The centre of these forces is not as might be supposed at the centre of the plane, but at a point between the centre and the front edge called the "centre of pressure." The centre of pressure approaches the front edge as the angle of the plane with the horizontal becomes less.

In order to render a better idea of how it is possible for an aeroplane to gain support in the air consider a skater moving swiftly over very thin ice which would not bear his weight, but since he is moving so rapidly that any one portion of the ice does not have time to bend to the breaking point, he is supported. In somewhat the same manner, the planes pass so rapidly on to new and undisturbed bodies of air, and stay over one body for so brief an instant that there is no time to completely overcome the inertia of the air and force it downwards.

FIG. 12. The action of the air upon a curved and a flat plane. We have seen that by the effects of the resistance of the air, an aeroplane may be sustained in the atmosphere. We must now see in what manner we can use these effects to the greatest advantage.

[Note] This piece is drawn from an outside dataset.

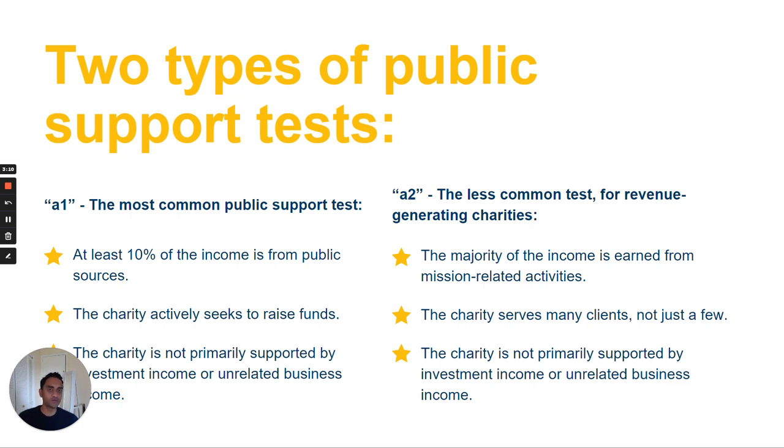The 509(a)(2), or A2 for short, test is less common. This would generally apply to organizations that receive the majority of their income from mission-related activities, or gross receipts from mission-related activities. Examples of this type of income would be admission fees to a museum or a zoo, or course fees for educational courses. What's important about both of these tests is that a charity cannot be primarily supported by investment income or unrelated business income. Unrelated business income, generally speaking, is income from a trade or business that does not serve to further the organization's purpose other than as a source of revenue.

First of all, we have been continually speaking of a "plane" as the supporting surface, which from the definition of the word would lead one to believe that they were flat. If the wings of a bird are examined, it will soon be noticed that they are concave underneath. Since the first attempts at aviation, therefore, machines have been built with planes or wings concave on the underside. The reason for this is very apparent from Fig. 12. The first illustration shows the action of a flat surface moving through the air. The air streams, as represented by the lines do not follow the surface of the plane, but leave a considerable region of dead air. This is the reason that a flat plane is very inefficient and not capable of giving so great a lift as the curved plane in the next figure where the lines follow the outline of the plane. The less disturbance a plane causes in the surrounding air, the closer it is said to approach to "stream line form." A correctly curved plane is considerably more effectual than a flat one, giving at the same time greater "lift" and less "drift."

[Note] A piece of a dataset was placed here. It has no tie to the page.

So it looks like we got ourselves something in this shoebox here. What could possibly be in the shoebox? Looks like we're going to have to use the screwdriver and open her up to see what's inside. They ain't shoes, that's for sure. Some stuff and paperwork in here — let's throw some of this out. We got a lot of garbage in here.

Built-up Planes, that is, planes having a double curve approaching true stream line form, come nearer being the ideal plane than any other from some standpoints, but do not possess any advantages when used on models of less than four feet spread.

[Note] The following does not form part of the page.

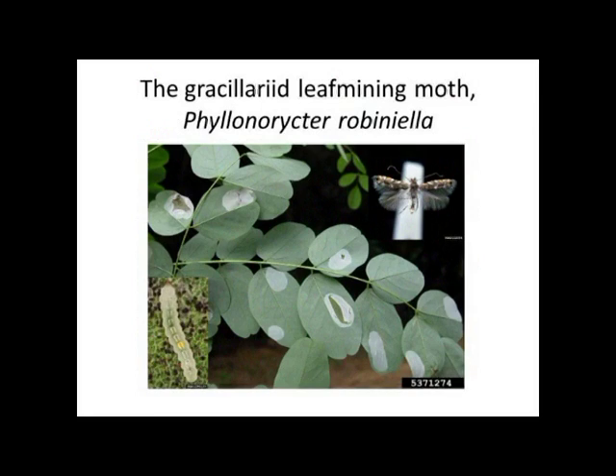The first is a gracilid leaf mining moth. It was introduced into Europe in the 1980s and by the 1990s had spread throughout the whole of Europe. The moth oviposits on the underside of the leaf and the larvae mine inside the leaves, causing desiccation of the tree and early leaf drop. It was so damaging to the tree in areas where they're trying to preserve it that they've brought in parasitoids from the USA to manage it with a biocontrol programme.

FIG. 13. Section of a built-up plane showing how a rib is made. When made small, they offer greater "drift" or head resistance than a single curved surface plane and cannot because of the delicate structure necessary to make them light, withstand hard knocks. They have the further disadvantage of being from a constructional standpoint very hard to make smooth and rigid.

There are innumerable substances which would at first seem to recommend themselves as material for planes, but we may immediately thrust the greater portion aside. By all means avoid tracing cloth or linen, not only because its heavy weight forever precludes it from this use, but because it wrinkles and cockles so as to be absolutely useless when slightly damp or wet.

Tissue paper wrinkles easily and is not strong enough.